───── STORED DATA ─────

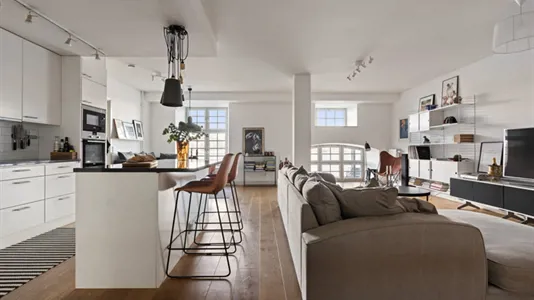 Bostadsrätter till salu i Nacka - foto 1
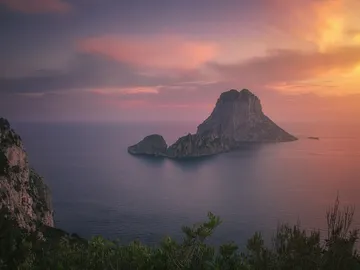 Todavía estás a tiempo de escaparte a alguno de los lugares más románticos de España para celebrar San Valentín Todavía estás a tiempo de escaparte a alguno de los lugares más románticos de España para celebrar San Valentín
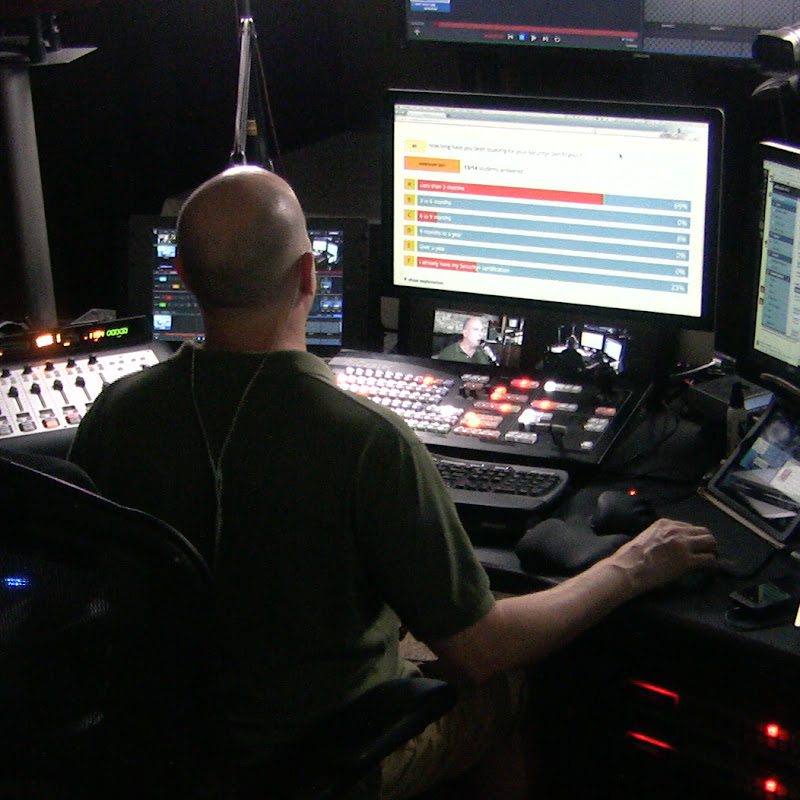 Professor Messer Logo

─────

> _EXERCISE GOAL_
Copy exactly the lines from the line that holds "San Valentín Todavía" to the end of the listing, both included. Leave the pictures out.

> _SOLUTION FOR THIS TASK_
 Todavía estás a tiempo de escaparte a alguno de los lugares más románticos de España para celebrar San Valentín Todavía estás a tiempo de escaparte a alguno de los lugares más románticos de España para celebrar San Valentín
 Professor Messer Logo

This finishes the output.